Fine, Illustrated North Polar Globe Calotte

Polar calotte that depicts coastlines and islands in far northern waters, as well as noting significant Arctic expeditions from the sixteenth and seventeenth centuries.

The calotte—a cap that covers the join of gores on a globe—includes the area from seventy degrees north to the pole. There is no land shown at the pole itself; rather, it is attractively criss-crossed with numerous rhumb lines.

There is also little land between Baffin Bay, Nova Dania--named by Jens Munk in 1619--and the area north of eastern Russia, reflecting the findings of voyages to ca. 1680. The latest expedition cited here is that of John Wood near Nova Zembla in 1676.

Spitsbergen is prominently detailed and surrounded by scenes of whaling and sealing. Polar bears range near mountains of ice, and narwhals swim the frigid seas. However, as a note in the far east states, much of the information about the local lands and peoples remains conjecturis, or conjectural.

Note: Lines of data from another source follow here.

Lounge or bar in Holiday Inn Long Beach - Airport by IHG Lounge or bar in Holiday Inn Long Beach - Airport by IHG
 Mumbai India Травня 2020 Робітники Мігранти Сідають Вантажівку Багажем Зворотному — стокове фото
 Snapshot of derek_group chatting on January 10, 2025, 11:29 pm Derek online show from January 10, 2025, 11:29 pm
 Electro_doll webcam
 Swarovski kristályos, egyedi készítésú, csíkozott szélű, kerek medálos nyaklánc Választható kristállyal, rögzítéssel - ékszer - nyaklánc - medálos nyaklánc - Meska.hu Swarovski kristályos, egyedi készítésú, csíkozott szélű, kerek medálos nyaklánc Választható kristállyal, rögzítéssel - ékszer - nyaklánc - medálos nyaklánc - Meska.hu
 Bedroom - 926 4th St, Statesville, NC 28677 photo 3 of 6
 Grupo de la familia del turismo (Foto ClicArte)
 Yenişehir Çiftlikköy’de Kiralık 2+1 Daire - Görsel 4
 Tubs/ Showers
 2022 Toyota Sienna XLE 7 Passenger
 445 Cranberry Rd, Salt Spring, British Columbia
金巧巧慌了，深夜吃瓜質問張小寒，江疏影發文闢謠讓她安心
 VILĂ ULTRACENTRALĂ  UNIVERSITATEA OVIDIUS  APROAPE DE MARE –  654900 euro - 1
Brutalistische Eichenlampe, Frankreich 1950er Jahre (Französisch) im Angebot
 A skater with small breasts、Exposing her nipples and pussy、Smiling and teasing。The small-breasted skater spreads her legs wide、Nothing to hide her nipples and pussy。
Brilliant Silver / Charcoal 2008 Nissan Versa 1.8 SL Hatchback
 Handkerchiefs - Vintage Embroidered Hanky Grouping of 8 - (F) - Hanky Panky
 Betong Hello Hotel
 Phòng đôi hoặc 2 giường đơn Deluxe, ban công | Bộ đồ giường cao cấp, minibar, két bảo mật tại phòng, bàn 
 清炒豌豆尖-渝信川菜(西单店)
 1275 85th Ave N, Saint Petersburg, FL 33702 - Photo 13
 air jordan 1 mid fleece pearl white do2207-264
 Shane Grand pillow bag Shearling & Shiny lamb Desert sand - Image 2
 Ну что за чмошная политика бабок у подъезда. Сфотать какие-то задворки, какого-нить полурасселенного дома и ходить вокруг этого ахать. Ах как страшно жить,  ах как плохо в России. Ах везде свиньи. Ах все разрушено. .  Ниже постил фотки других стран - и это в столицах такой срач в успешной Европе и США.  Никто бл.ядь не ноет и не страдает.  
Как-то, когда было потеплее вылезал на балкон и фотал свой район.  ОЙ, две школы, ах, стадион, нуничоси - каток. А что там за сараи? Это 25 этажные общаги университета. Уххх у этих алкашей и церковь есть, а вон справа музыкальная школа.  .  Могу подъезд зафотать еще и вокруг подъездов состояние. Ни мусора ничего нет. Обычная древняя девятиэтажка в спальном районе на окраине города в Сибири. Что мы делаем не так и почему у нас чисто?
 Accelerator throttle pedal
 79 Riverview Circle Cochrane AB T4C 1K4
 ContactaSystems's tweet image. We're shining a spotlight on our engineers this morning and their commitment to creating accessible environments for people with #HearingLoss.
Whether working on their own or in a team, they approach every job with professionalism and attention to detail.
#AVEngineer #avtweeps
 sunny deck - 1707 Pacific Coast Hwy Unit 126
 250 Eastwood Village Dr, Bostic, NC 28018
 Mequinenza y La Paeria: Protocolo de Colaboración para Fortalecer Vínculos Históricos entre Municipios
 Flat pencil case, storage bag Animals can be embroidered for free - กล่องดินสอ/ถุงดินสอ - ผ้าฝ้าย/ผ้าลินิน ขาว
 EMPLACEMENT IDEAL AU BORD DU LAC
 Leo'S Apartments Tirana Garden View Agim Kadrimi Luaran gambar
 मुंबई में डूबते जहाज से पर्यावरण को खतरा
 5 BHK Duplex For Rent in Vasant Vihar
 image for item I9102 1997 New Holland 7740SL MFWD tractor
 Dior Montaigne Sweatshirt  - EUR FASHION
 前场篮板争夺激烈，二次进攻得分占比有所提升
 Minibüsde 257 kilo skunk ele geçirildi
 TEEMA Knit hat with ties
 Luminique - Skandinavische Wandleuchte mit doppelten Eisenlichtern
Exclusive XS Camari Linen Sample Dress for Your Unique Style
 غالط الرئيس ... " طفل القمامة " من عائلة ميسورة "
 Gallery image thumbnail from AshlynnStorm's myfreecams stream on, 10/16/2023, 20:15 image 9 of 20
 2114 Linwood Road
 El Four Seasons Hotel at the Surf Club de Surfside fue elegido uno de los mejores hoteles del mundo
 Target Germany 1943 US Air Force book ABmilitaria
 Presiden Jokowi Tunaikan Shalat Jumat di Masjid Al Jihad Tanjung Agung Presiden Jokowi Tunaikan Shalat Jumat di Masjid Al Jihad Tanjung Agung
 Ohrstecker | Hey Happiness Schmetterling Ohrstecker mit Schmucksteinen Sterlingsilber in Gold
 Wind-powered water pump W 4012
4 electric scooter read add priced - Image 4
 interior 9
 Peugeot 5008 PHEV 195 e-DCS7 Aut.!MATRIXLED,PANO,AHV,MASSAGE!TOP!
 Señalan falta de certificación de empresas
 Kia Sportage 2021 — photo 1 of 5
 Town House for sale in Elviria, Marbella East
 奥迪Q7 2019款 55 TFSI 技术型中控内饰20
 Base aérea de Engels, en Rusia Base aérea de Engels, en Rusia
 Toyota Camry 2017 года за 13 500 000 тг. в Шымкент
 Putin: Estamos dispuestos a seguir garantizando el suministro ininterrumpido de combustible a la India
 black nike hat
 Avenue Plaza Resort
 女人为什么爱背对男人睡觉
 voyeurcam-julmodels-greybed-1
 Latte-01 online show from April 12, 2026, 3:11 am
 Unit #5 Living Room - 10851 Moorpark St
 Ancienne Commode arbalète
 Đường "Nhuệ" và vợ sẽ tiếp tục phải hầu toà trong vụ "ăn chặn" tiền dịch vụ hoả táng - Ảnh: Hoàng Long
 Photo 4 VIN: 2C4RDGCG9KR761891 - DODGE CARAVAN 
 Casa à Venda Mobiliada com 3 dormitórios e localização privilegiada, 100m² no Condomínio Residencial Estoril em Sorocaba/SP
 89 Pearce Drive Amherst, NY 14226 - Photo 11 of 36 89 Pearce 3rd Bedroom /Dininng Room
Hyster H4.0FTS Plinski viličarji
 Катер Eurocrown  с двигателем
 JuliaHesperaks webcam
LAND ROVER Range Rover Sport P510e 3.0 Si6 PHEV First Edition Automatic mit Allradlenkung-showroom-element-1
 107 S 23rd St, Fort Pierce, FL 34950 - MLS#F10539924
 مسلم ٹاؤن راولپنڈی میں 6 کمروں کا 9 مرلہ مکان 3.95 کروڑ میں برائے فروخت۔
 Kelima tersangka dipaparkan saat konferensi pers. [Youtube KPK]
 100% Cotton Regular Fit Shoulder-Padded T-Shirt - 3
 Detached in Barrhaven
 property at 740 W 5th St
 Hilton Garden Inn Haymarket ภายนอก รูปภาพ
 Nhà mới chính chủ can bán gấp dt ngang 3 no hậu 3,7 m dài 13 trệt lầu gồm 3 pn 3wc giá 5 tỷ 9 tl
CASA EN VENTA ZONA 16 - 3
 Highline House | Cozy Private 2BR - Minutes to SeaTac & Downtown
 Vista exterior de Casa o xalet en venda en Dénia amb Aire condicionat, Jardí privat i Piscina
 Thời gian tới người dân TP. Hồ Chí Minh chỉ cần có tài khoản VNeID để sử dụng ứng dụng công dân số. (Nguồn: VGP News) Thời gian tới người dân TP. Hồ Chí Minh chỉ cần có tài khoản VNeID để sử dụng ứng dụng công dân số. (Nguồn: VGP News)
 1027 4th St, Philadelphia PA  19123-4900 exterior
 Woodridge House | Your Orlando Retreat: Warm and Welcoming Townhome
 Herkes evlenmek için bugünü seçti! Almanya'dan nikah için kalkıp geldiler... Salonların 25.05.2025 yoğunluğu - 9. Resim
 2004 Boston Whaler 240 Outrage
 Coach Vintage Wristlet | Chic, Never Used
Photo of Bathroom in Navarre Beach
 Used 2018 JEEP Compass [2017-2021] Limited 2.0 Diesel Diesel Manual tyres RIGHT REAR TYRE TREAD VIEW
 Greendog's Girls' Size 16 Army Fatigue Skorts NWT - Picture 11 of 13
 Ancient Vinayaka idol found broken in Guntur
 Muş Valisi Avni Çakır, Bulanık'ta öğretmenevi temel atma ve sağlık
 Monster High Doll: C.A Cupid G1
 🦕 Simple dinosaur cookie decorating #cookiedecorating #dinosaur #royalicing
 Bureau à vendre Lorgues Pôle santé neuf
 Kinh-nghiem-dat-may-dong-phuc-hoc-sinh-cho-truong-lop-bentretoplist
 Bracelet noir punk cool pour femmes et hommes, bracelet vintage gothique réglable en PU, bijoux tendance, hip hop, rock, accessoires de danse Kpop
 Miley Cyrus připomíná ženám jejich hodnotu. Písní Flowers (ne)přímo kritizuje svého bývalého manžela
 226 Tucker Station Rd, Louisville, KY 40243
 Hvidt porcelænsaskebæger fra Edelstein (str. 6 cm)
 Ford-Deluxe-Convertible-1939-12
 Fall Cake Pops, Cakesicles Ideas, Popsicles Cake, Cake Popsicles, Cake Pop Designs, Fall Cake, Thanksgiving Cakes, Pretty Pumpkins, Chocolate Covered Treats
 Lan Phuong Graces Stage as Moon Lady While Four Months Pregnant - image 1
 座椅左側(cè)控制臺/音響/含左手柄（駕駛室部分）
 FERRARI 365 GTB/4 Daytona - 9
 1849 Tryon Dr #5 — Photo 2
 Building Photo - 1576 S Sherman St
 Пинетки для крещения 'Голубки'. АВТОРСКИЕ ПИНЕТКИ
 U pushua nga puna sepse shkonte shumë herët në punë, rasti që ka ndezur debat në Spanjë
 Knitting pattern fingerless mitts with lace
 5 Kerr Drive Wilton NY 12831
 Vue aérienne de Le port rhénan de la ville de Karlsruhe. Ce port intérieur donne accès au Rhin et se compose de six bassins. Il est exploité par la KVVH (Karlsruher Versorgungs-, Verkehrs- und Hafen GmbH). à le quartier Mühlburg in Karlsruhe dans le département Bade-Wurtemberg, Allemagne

Arctic exploration to the seventeenth century

A variety of expeditions are noted on this calotte, representing European desires to sail shorter distances to reach Asia and other markets. However, to the date this map was made, the Arctic ices were still too dense and southerly to allow ships through.

The earliest date is 1586, in reference to the Davis Strait. John Davis (ca. 1550-1605), half-brother of Sir Walter Raleigh, led three voyages to the far north (1585, 1586, 1587), specifically to Greenland, Baffin Bay, and Labrador, in pursuit of the Northwest Passage. He was the second Englishman to search for the Passage, with the first being Martin Frobisher.

Another important date is 1596, near Spitsbergen. The archipelago was first sighted by William Barentsz (ca. 1550-1598), Dutch map maker and navigator. Barentsz led three Arctic expeditions in search of the Northeast Passage in the 1590s; he died on the third attempt. By the early seventeenth century, the islands were a major base for whaling operations, as illustrated on this calotte.

Baffin Bay was named for William Baffin (ca. 1584-1622) and dated here to 1622. Baffin’s voyages were also in search of the Northwest Passage. He had served in the Muscovy Company in the early 1610s before entering into employ with the Company of Merchants of London in 1615. As a pilot, he sailed 300 miles farther north than Davis; his northernmost mark was not surpassed until 1852. He died in 1622, which may explain the date included here.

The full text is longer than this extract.